PA Country Passes Attorney's Extra Fee Request

January 8, 2004 ( - Luzerne County, Pennsylvania's lead attorney Christopher Cullen received the green light from the Luzerne County Retirement Board to begin charging a fee for "extraordinary" work.

Cullen is no stranger to pay raises.   A few months ago he received an annual salary increase from $20,000 to $45,000.   The latest provision, would pay Cullen an extra $200 an hour on top of his $45,000 annual salary. However, the fee would not be levied unless for a good cause , according to a report in The Citizens Voice.

Granting extra fees to the county’s attorney for “extraordinary” work would only add more legal bills to the already mountainous pile.  The Retirement Board has been spending money on a federal lawsuit it filed seeking the recovery of $75 million dollars.  The suit charges violation of federal civil racketeering influenced and corrupt organizations (RICO) laws and alleges Majority Retirement Board members and 24 former pension consultants or money managers were paid excessive fees and commissions from the pension fund in exchange for donations for political reelection campaigns.

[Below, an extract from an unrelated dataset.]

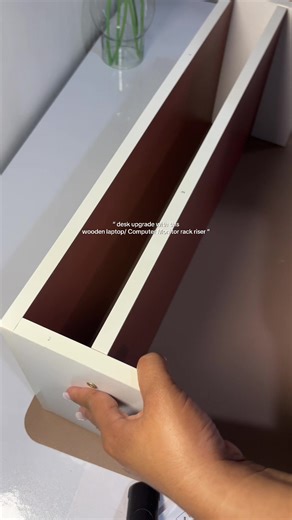 Elevate Your Workspace with a Wooden Laptop Monitor Rack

These alleged violations, in turn, led to the county pension fund hemorrhaging more than $60 million from 2000 to 2002, the country contends.  While the fund was worth $203 million in 2000 it dwindled to $141 million by 2002. The pension consultant at the time said the losses were due to dismal stock market performance.  

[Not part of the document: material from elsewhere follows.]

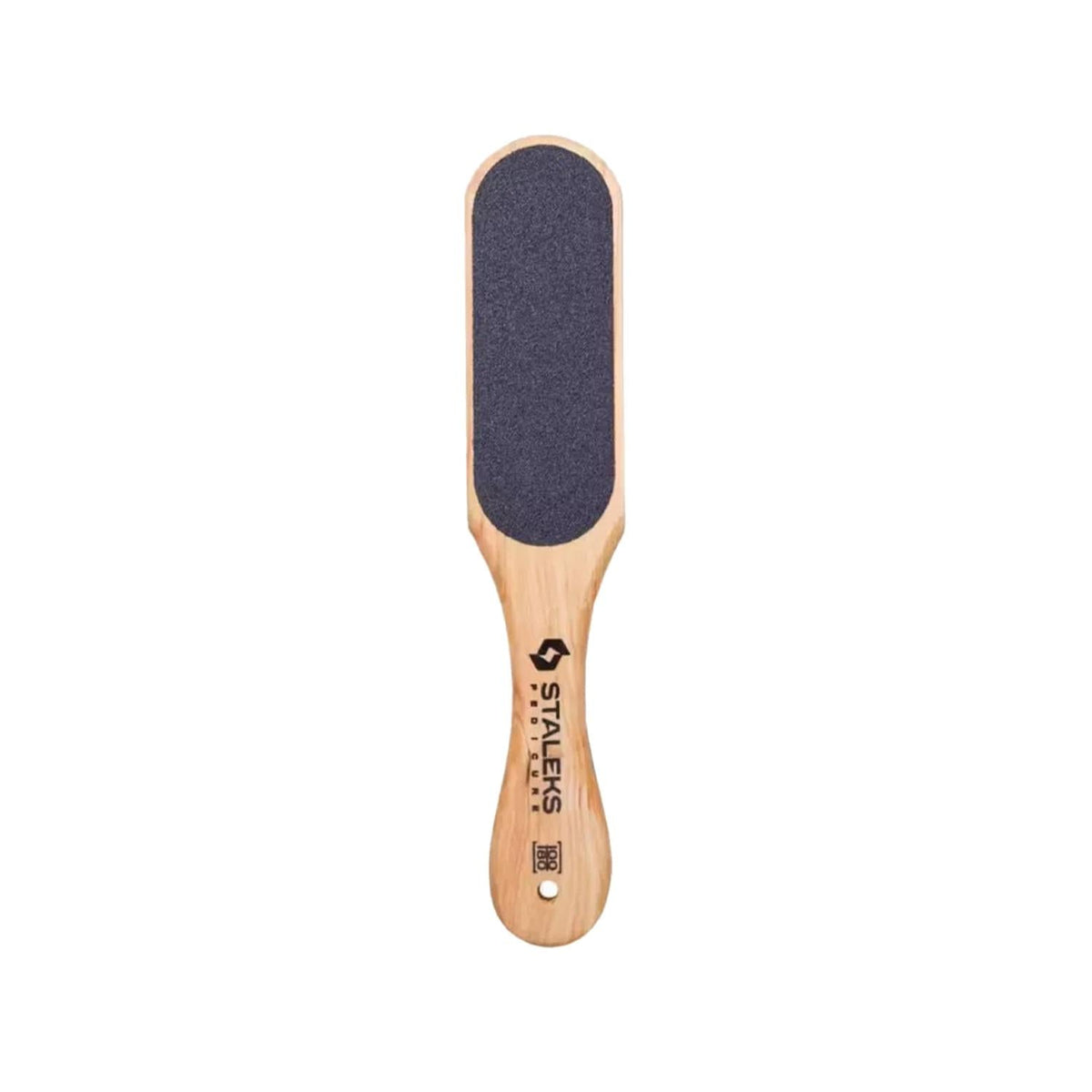 STALEKS Foot File - 10 Type 1 Wooden Foot File for Smooth Foot Care & Smoothing - Nail Care Pedicure Tool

Additionally, the retirement board has decided to actively pursue a claim of $9 million against the Luzerne County general fund for pension fund back payments owed for 2003 and 2004.   The current county budget is carrying that obligation as an “unfunded debt” due to a projected multi-million deficit in other areas.

County’s Actions

The county though wants to put a stop to the outflow before it gets any worse.  Last month, Luzerne petitioned for an injunction to halt legal payments.   The county alleges that legal costs will climb to more than $2 million and that legal expenses are and will continue to do irreparable harm to the pension fund’s assets and to benefits that should be paid to retired county employees.

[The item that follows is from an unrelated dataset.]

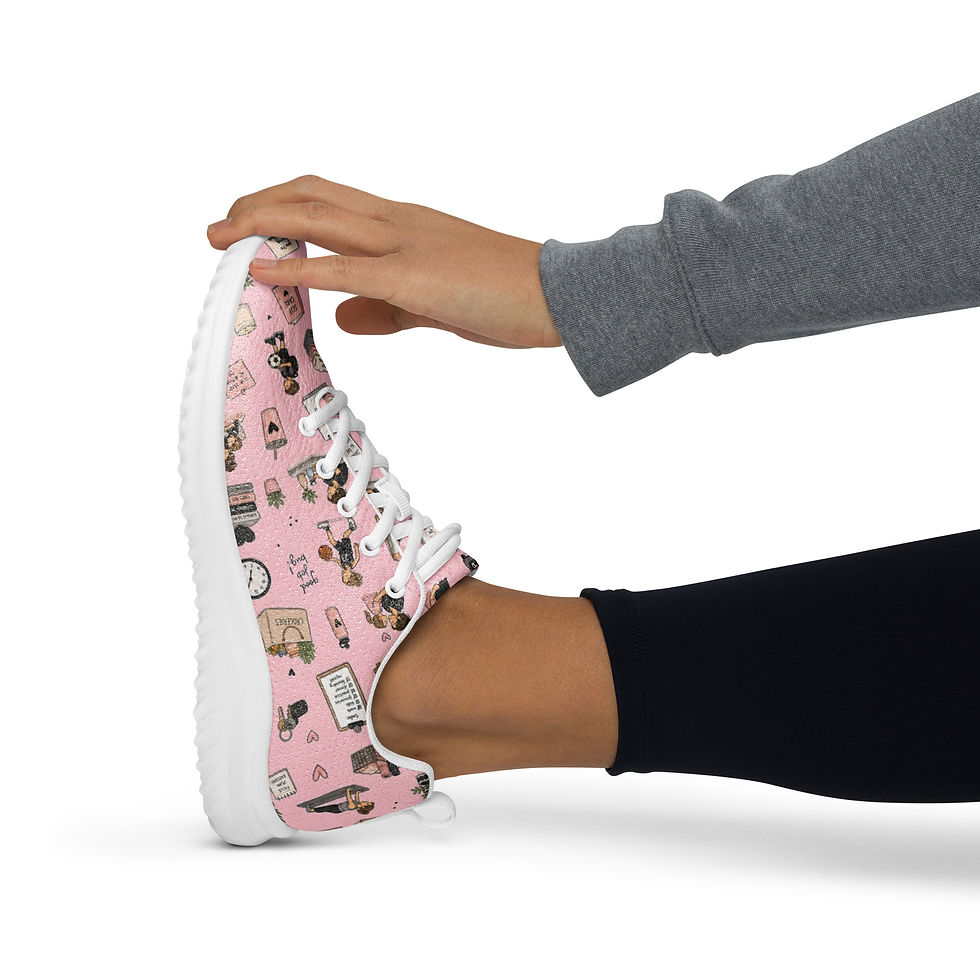Thumbnail: Mom's athletic shoes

The petition asks the court to order a halt to any more legal fee payments and to require defendants to repay money expended to date.  So far, lawyers for Luzerne County have collected more than $400,000 in fees and plaintiffs have approved the expenditure of $500,000 more in legal fees in 2004. 

A ray of sunshine though was reported by the new financial consultants for the plan, Merrill Lynch.   Merrill reports the plan earned a 16% return in 2003, and is now worth $160 million.